[Data extracted from a collection]
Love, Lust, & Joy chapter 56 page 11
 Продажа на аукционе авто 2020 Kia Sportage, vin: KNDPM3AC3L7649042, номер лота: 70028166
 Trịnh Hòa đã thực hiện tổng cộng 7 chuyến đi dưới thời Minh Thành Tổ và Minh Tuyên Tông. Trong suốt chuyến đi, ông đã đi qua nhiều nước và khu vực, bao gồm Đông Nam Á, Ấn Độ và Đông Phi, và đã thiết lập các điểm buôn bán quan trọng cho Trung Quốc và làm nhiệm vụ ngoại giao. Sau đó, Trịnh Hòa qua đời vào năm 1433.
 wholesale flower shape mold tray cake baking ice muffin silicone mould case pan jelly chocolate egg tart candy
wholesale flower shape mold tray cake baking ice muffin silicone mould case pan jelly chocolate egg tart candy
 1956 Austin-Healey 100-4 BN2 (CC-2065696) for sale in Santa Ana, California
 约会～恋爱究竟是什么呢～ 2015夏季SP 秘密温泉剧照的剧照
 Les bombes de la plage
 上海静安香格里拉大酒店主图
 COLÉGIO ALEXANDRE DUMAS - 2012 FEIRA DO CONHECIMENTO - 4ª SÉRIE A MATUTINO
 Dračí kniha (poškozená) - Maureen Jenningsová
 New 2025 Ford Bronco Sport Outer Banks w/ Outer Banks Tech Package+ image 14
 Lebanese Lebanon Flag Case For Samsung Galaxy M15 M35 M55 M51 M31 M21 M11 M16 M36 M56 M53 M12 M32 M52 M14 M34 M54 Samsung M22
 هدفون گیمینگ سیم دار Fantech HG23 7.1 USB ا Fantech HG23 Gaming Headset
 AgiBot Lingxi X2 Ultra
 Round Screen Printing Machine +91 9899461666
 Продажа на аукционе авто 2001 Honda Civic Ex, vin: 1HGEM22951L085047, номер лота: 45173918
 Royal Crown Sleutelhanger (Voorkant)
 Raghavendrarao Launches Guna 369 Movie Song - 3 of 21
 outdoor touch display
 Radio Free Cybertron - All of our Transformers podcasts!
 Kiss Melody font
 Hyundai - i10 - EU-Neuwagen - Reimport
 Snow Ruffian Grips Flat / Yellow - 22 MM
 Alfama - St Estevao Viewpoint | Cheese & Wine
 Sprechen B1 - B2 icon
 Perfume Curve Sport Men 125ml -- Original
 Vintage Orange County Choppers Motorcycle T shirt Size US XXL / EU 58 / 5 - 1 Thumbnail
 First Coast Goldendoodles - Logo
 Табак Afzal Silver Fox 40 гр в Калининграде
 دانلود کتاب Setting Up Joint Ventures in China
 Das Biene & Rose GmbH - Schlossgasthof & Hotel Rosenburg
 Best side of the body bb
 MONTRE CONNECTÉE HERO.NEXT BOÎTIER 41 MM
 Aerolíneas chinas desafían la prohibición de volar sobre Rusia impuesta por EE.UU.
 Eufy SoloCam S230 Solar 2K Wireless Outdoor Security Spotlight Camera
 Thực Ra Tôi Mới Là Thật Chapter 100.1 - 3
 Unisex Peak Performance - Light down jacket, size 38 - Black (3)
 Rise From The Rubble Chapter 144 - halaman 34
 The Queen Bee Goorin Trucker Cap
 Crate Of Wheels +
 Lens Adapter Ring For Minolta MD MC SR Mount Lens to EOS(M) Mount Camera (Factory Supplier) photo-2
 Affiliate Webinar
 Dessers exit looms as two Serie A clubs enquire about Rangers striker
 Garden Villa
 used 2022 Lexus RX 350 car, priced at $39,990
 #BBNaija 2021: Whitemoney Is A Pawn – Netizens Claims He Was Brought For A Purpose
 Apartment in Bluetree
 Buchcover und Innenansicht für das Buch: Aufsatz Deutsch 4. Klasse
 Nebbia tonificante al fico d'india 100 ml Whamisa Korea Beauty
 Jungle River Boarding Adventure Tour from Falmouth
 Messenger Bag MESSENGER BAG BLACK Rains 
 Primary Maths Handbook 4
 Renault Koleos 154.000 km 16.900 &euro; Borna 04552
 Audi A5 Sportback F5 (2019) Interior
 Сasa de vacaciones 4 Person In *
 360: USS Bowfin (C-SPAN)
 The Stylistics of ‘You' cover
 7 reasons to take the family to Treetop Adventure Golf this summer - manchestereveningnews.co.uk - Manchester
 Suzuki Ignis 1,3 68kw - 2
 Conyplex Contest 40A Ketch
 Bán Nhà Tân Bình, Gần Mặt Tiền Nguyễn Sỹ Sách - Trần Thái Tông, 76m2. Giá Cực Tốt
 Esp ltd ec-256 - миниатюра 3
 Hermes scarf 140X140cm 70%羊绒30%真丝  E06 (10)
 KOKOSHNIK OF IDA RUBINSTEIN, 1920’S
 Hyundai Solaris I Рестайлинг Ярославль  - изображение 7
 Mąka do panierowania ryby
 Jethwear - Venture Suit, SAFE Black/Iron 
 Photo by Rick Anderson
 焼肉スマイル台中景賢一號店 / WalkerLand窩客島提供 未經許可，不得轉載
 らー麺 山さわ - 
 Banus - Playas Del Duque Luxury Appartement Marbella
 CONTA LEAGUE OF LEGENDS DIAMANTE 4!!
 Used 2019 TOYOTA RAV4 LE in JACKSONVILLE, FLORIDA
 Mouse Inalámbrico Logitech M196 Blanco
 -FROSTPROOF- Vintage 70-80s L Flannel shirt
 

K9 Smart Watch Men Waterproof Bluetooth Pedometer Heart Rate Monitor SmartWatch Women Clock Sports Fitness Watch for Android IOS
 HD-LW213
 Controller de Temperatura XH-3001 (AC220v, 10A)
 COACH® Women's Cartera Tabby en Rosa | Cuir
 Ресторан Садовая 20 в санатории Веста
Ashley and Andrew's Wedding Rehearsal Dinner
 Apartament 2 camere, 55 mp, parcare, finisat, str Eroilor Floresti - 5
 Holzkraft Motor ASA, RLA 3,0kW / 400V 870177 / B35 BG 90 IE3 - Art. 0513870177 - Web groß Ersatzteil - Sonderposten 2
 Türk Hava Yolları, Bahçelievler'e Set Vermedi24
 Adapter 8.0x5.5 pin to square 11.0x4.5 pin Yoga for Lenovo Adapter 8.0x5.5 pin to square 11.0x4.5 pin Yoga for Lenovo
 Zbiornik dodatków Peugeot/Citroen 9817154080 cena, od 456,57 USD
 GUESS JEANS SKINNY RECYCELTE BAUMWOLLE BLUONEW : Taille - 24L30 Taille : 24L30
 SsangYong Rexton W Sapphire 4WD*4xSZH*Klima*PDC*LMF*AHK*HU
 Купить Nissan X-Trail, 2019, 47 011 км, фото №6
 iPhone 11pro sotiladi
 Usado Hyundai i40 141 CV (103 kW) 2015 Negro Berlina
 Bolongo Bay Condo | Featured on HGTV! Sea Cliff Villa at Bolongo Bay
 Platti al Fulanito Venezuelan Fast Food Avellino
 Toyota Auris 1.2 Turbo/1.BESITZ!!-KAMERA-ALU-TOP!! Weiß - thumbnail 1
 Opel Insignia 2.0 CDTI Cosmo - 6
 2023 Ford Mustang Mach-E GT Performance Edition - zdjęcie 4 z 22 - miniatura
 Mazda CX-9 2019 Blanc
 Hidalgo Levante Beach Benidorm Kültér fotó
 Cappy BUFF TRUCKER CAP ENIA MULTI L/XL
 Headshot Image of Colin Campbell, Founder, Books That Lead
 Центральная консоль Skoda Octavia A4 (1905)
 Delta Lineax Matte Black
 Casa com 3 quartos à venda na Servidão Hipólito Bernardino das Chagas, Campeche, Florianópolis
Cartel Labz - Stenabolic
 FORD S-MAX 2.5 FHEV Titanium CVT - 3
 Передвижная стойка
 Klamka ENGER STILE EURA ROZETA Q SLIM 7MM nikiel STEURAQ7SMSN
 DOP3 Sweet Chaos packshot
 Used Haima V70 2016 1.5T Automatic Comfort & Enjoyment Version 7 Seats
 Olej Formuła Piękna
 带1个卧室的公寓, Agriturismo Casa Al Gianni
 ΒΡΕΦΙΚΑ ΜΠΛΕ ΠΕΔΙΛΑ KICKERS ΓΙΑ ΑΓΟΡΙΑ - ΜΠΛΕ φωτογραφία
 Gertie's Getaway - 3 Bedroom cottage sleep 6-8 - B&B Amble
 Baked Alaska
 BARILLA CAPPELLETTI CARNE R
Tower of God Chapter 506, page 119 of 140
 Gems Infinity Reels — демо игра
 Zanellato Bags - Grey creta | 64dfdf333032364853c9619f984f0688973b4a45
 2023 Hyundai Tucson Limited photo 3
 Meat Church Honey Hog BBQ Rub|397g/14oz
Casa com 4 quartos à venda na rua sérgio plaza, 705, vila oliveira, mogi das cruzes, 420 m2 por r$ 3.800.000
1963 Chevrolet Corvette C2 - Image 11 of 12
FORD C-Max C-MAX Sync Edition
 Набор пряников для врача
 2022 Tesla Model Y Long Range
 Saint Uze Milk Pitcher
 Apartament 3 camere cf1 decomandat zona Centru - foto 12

▶ _WHAT YOU HAVE TO DO_
In the data above, start at the line that has "Platti al Fulanito", stop after the line that has "Cappy BUFF TRUCKER CAP ENIA MULTI L/XL", and print every line in between exactly as it stands.

▶ _TASK ANSWER_
 Platti al Fulanito Venezuelan Fast Food Avellino
 Toyota Auris 1.2 Turbo/1.BESITZ!!-KAMERA-ALU-TOP!! Weiß - thumbnail 1
 Opel Insignia 2.0 CDTI Cosmo - 6
 2023 Ford Mustang Mach-E GT Performance Edition - zdjęcie 4 z 22 - miniatura
 Mazda CX-9 2019 Blanc
 Hidalgo Levante Beach Benidorm Kültér fotó
 Cappy BUFF TRUCKER CAP ENIA MULTI L/XL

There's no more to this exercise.